Wer sich für eine vegane Lebensweise entscheidet, muss aufgrund der Supplementierungsnotwendigkeit (mindestens B12) eine grundsätzliche Akzeptanz für artifizielle Ernährungskomponenten zeigen. Wem hingegen eine Ernährung mit möglichst naturbelassenen Produkten am Herzen liegt, tut sich mit der Akzeptanz von Zusatzstoffen in Lebensmitteln schwerer – auch wenn es sich um Spurenelemente und Vitamine handelt.
Aus dem eruierten europaweit geringen Kaufinteresse an pflanzlichen Milchersatzprodukten lässt sich selbstredend nicht auf eine insgesamt niedrige Bereitschaft der Europäer schließen, verstärkt pflanzliche Produkte in die alltägliche Ernährung einzubauen. Doch zeichnet sich klar ab, dass unzureichende geschmackliche Qualität, zu viele naturferne Zusatzstoffe, ein Mangel an für hochwertig erachteten Komponenten und nicht zuletzt ein aufdringliches Vegan-Marketing Bremsklötze für die Steigerung des Konsuminteresses an neuen pflanzlichen Nahrungskreationen sind.

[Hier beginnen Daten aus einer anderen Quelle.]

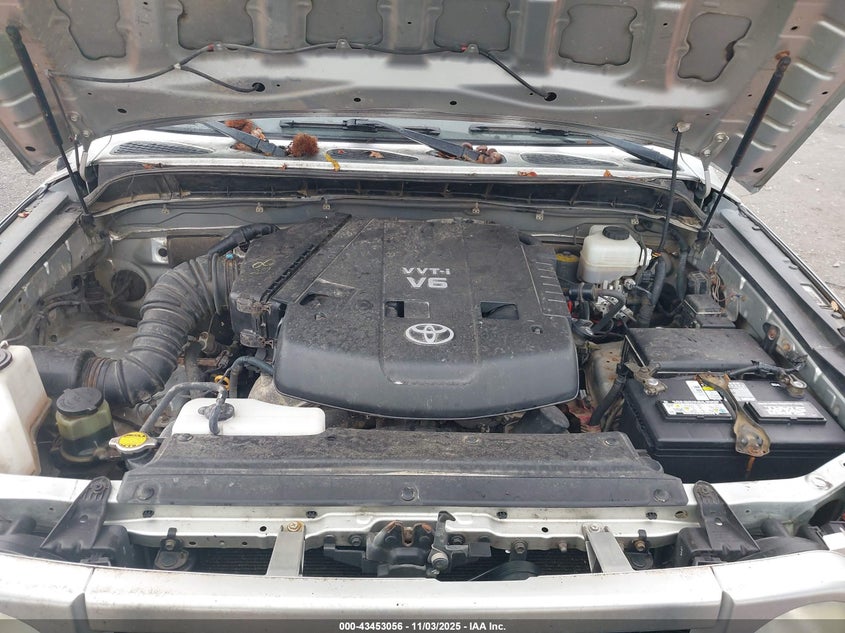 2007 Toyota Fj Cruiser VIN: JTEBU11F470012826 Lot: 43453056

Besonders außerhalb der deutschen Mentalitätsgrenze reichen Tierwohlaspekte, Umwelt- und Klimaargumente nicht aus, um den Absatz veganer Ersatzprodukte zu steigern, die den Qualitätserwartungen hinsichtlich Geschmack, Mundsensorik und natürlichen Zutaten nicht entsprechen. Überdies darf die derzeit boomende Nachahmungsstrategie, tierische Produkte mit veganen „Plant-Art-Attrappen“ zu kopieren, mehr als infrage gestellt werden. Wer den Menschen einmal außerhalb der kleinen, aber lautstarken Social-Media-Blasen „aufs Maul schaut“ (pardon), wird erkennen, wie sehr die Contradictio in adiecto von veganem Fleisch, Fisch oder Milchprodukt viele verärgert und gegen die insgesamt wünschenswerte Entwicklung arbeitet, zu einer pflanzlich dominierten, um hochwertige tierische Produkte ergänzten Ernährungsweise zu gelangen.